First Look: Unreal Engine 4


Following Epic’s announcement that Unreal Engine 4 earlier this month I finally got chance to lock myself away for a few hours and have a look. If you are coming to Unreal Engine from Unity like me Epic have provided a useful guide Unreal Engine 4 for Unity Developers. I also found their video tutorials for Level Editing really useful. Following the tutorials I was quickly able to create an office scene using basic geometry and the Unreal Starter Content. After modifying the scene to include an extra office I added the garden with a patio, plants and rocks. As with Unity, adding a first person controller was a simple matter of dragging and dropping.


The wall lights were easy to set up and had a nice glow. I also included the overhead lights from the Starter Content but found they were a little distracting. Despite emitting the same colour as the wall lights their orange lampshades seemed to be overly reflective. Generally the lights could be a little dimmer in my scene but this can easily be changed.


What really made the scene for me were the real-time shadows and reflections. After positioning the external directional light to shine into the office four reflection probes were added to the scene. As a result the marble and wooden floors look fantastic. I was expecting a lot here and Unreal Engine really impressed me.


Another feature I was keen to try was Unreal’s visual scripting system Blueprint. As visual scripting isn’t included in Unity I wasn’t sure what to expect. After following the Blueprint tutorials I found it really useful for quickly creating simple interactions such as opening and closing the sliding doors of the offices and the rotating door to the garden based on the proximity of the player. Being quite process orientated I found visual scripting really intuitive. However, Blueprint also seemed a little quirky when trying more complex tasks.
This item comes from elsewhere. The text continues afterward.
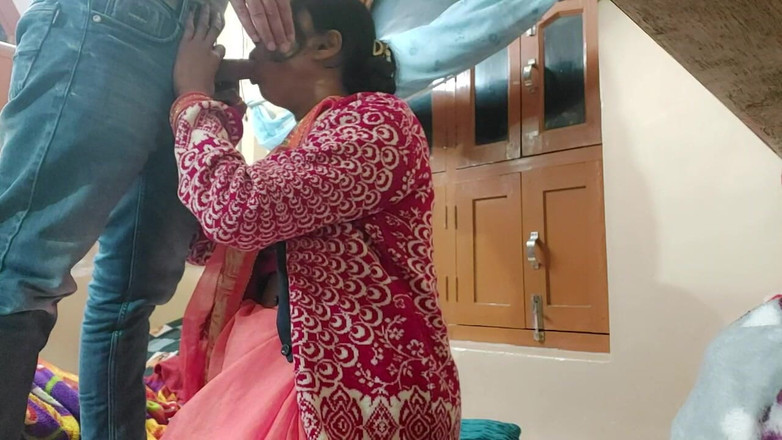 Indian Beauty: Hintli yenge ateşli video çok güzel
There is obviously much more to learn here but it has definitely encouraged me to consider seeking out something similar for Unity.


The buildings outside of the office were simple textured boxes that I created quickly in SketchUp and exported via FBX. On first import I experienced a few issues with missing geometry and collision. These issues appeared to be resolved by ensuring to explode any grouped geometry in the models prior to export from SketchUp. Whether this is best practice going forward I’ve not yet determined.


In summary my first look at Unreal Engine 4 was really encouraging and I look forward to working with it more. I did find the editor quite demanding on my current laptop’s system resources. I also wasn’t sure how to optimise my scenes fully and this will take further investigation. With a number of projects coming up I’ll be sticking with Unity for the time being. However, it was very easy to see why Unreal Engine would be such a popular choice for real-time architectural visualisation. Can’t wait to do something with Unreal and the Oculus Rift!


2 thoughts on “First Look: Unreal Engine 4

    1. Virtual Architectures Post author

      Hi Jeff!

      Thanks for the comment. I didn’t benchmark it but I found that running the game in the Unreal editor caused lag that I’m not used to from working with Unity. In their FAQ Epic recommend that PC developers use a desktop machine with Windows 7 64-bit, 8 GB RAM, a quad-core Intel or AMD processor running at 2.5 GHz, and a DX11 compatible video card. My current laptop has an i7-3537u processor which is only dual core and runs at just 2.0 GHz. The NVIDIA GeForce GT 720M video card is DX11 compatible but could be better. Although I have 12 GB RAM that doesn’t fully compensate for the lack of processing power, so I’m pushing my luck a bit. As such I can’t really blame UE4 if performance dips on my machine. I’ll definitely be looking for opportunities work with it in the future.